**YOUR GOAL:** In the entries below, find the line with "Photo of the" and the line with "1663 Cumberland Rd, Aurora, IL 60504". Return those two lines and all lines between them, exactly.

**DATA FOR THE TASK:**
┄┄┄┄┄┄┄┄┄┄

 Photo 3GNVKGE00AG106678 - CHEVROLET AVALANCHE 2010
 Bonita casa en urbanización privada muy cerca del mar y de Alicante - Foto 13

┄┄┄┄┄┄┄┄┄┄

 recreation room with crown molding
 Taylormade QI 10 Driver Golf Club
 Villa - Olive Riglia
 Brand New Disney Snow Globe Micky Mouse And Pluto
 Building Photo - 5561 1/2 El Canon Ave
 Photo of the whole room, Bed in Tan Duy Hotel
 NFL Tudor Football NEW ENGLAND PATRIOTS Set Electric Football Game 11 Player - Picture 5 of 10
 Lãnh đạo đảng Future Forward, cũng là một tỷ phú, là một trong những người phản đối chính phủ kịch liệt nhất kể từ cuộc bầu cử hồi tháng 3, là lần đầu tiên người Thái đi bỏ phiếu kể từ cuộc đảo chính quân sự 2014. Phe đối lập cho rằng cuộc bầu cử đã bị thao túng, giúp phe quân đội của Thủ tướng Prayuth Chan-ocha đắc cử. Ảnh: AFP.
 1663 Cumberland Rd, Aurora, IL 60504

┄┄┄┄┄┄┄┄┄┄

**WRITTEN RESPONSE:**
 Photo of the whole room, Bed in Tan Duy Hotel
 NFL Tudor Football NEW ENGLAND PATRIOTS Set Electric Football Game 11 Player - Picture 5 of 10
 Lãnh đạo đảng Future Forward, cũng là một tỷ phú, là một trong những người phản đối chính phủ kịch liệt nhất kể từ cuộc bầu cử hồi tháng 3, là lần đầu tiên người Thái đi bỏ phiếu kể từ cuộc đảo chính quân sự 2014. Phe đối lập cho rằng cuộc bầu cử đã bị thao túng, giúp phe quân đội của Thủ tướng Prayuth Chan-ocha đắc cử. Ảnh: AFP.
 1663 Cumberland Rd, Aurora, IL 60504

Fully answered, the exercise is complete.